|
BS: Do you think we'll ever have
one, unified format for games? With movies, there's not just the set
kind of conventions of time limit, but there's also...
you use this kind of projector, this kind of film stock, and you have
16:9. It's all set. It's a standard format. But in games, it can be
anything. Like when you make a mobile game, you have to make 10 different
versions, because all of the screen sizes are different. Or when you
make a game like this, you still have to be able to play it on
standard definition as well as HD.
Do you think it will ever unify? Like, a game format...just the conventions
of how it's presented.
TM: I don't think so. Some game platforms
are 16:9, but some platforms like the Nintendo DS are 4:3 dual screens,
and touch games and things. And they've got the momentum. So I think
the mainstream is like that, but the other one exists all the time.

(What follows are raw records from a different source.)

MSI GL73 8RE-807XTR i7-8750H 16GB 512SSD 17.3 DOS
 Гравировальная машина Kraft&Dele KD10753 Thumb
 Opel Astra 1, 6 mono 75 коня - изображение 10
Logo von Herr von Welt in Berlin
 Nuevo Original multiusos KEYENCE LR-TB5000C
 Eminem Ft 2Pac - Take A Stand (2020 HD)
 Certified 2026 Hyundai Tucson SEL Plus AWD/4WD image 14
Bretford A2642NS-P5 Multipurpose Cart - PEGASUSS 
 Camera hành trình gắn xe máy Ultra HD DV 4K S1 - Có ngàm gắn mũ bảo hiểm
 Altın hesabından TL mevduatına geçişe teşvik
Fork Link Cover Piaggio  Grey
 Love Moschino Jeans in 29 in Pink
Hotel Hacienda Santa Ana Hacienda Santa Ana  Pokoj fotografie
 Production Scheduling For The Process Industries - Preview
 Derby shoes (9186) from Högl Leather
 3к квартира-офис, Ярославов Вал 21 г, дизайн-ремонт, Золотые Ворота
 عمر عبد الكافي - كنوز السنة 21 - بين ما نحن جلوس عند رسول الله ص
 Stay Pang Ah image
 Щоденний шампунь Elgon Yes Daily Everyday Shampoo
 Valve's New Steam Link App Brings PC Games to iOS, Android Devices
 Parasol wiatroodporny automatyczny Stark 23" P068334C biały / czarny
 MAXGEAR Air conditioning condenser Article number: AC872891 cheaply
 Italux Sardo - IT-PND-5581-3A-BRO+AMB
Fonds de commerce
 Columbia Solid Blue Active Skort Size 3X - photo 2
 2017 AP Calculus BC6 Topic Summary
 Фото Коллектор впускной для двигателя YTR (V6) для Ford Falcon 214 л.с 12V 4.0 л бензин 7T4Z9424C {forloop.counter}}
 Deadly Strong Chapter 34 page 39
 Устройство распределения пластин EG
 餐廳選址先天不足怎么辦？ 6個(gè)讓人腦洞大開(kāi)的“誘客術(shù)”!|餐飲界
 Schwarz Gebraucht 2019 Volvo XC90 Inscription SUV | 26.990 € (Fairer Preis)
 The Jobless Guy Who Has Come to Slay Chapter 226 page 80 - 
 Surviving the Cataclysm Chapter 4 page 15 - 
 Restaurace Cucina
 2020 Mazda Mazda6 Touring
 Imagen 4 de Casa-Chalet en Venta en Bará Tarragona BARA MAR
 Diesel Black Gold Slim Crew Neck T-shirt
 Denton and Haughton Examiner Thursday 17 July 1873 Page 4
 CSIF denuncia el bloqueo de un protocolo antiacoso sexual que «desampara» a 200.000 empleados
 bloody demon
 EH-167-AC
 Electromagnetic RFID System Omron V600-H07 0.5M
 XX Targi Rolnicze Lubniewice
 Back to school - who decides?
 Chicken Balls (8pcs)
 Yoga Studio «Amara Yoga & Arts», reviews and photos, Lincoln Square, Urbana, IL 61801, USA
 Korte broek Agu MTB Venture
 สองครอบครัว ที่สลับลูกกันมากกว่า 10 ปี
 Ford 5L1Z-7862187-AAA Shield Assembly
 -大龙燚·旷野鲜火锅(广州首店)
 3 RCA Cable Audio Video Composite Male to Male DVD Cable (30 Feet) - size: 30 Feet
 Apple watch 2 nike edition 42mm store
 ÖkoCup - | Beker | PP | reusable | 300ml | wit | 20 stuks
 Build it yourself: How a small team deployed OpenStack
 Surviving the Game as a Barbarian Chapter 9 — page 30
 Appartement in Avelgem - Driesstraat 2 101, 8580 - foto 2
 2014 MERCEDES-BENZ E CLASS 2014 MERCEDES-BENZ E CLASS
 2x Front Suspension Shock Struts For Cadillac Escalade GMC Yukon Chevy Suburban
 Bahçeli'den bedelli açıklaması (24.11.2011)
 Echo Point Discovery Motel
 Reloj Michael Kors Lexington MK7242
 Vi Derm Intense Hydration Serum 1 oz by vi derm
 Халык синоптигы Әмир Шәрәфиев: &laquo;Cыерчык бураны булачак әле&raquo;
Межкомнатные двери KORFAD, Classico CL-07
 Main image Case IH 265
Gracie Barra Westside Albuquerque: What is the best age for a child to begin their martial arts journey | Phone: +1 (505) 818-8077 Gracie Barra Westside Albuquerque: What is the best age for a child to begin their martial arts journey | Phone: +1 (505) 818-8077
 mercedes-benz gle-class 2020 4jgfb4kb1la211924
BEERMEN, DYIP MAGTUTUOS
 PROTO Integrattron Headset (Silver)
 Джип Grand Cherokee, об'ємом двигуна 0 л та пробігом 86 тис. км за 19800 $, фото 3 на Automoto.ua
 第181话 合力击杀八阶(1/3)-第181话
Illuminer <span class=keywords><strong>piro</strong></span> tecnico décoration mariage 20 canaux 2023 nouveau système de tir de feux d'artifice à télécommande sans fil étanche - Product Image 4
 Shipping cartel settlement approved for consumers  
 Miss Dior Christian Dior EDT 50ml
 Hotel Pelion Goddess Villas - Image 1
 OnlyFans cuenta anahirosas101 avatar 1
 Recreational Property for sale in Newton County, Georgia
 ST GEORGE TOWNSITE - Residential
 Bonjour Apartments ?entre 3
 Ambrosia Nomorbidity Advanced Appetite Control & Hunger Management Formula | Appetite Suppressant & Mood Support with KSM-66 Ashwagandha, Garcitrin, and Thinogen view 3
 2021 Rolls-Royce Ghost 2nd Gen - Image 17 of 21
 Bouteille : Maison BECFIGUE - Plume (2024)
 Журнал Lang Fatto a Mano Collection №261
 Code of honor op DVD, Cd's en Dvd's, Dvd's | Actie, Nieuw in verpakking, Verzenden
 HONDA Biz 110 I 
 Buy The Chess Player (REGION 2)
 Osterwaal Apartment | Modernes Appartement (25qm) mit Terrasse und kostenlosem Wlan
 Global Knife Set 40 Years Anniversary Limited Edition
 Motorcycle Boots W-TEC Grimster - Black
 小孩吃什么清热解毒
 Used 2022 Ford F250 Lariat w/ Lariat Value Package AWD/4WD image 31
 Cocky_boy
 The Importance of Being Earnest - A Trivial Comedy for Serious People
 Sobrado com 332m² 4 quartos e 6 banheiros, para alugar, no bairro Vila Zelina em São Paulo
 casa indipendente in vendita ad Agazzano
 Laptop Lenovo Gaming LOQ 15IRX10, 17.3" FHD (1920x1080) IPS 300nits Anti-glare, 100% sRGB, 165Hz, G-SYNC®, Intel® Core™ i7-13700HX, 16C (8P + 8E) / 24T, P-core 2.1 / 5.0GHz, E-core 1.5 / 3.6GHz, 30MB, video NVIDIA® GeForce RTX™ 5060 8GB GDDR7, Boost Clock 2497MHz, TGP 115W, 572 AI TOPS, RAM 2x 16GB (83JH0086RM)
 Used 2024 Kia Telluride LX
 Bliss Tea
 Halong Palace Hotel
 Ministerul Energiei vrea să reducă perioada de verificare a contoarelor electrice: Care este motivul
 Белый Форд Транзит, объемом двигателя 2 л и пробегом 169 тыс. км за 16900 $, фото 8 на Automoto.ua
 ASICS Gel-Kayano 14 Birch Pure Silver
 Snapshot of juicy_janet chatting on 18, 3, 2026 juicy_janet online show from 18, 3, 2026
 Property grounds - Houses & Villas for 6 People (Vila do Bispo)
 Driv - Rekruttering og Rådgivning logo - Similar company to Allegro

I think even arcade games present a format. I started my career from
the arcade side, so my concept is always... I don't care about the format,
so whatever's here and new is the experience.
BS: Unfortunately, you don't have
as much freedom as in the arcade days to redesign the format each time,
because with consoles, you have limited choices. You can do 360, PS3,
DS and PSP... they all have certain conventions. Do you think there's
any way to flip that and create a new type of paradigm? Say, with the
PSP, some games have you play it vertically. Something like that, can
that be done in the console space?
CN: I think you're toying with that
with the Trance Vibrator, right? Using a function of the system in a
way that probably has never been done before, and may never be
done again, actually.
TM: Yeah. I think so. We need platforms
now. Last generation, like PS2 and Dreamcast, we had only three. But
now, I don't know how many there are. PSP, DS, mobile phone, PC... you
know. I think we have many devices in our life, and I think that the
game-free format... I think the next era, whoever has the big hardware,
anyway, on a screen or not, we're always having some data. I don't know.
Inside the body?
BS: Do you think it will always
be attached to us somehow? Will we always have some form of entertainment
with us?
TM: Not only entertainment, but we
have a lot of data, anyway. Then we can connect. The next, next era,
we may not have the hard disc anymore, because somewhere there are huge
hard drives, and they just connect.
BS: Speaking of
the arcade era, wanting to make mass-market games too, have you finally
played the new Sega Rally?
TM: No.
BS: You
hadn't last time. You still haven't?
TM: Yeah. I just watched.
BS: I was just wondering if you
felt any connection. If you played it, would you be like, "I could've
done this better!" or something like that?
TM: No. (laughs) What was it, 15 years
ago?
BS: Yeah. I know. But there's still
some connection. It's kind of like your baby.